All the data below goes into the copy word for word, but the pictures don't.

* _Source data_
%%
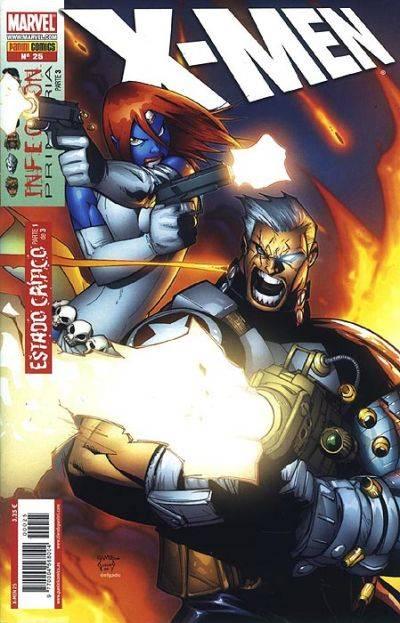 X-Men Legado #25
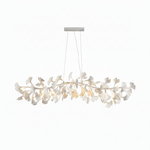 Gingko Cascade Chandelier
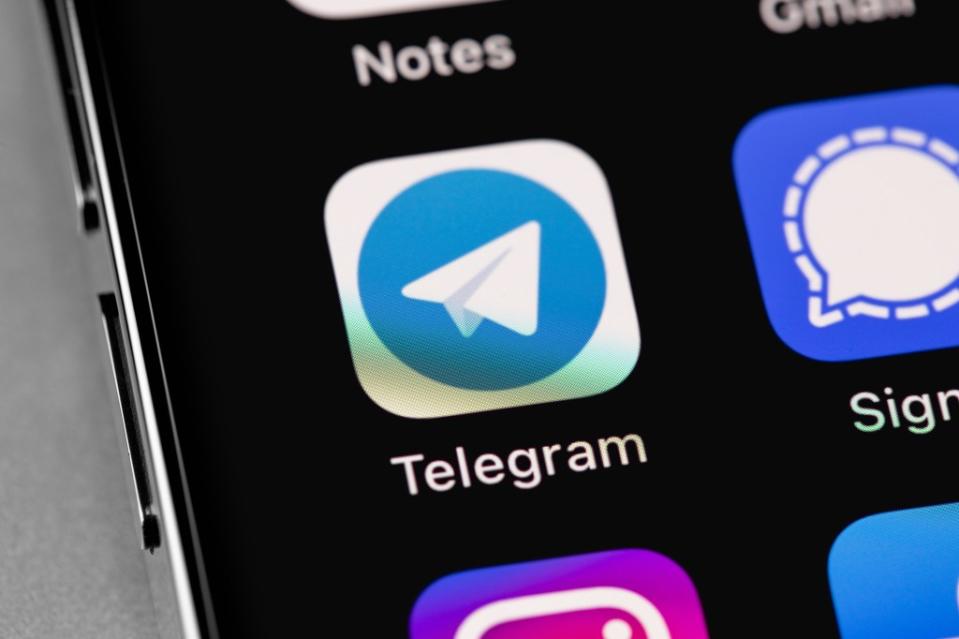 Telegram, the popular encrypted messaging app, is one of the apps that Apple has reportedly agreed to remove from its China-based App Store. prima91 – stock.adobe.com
%%
* _Response_
 X-Men Legado #25
 Gingko Cascade Chandelier
 Telegram, the popular encrypted messaging app, is one of the apps that Apple has reportedly agreed to remove from its China-based App Store. prima91 – stock.adobe.com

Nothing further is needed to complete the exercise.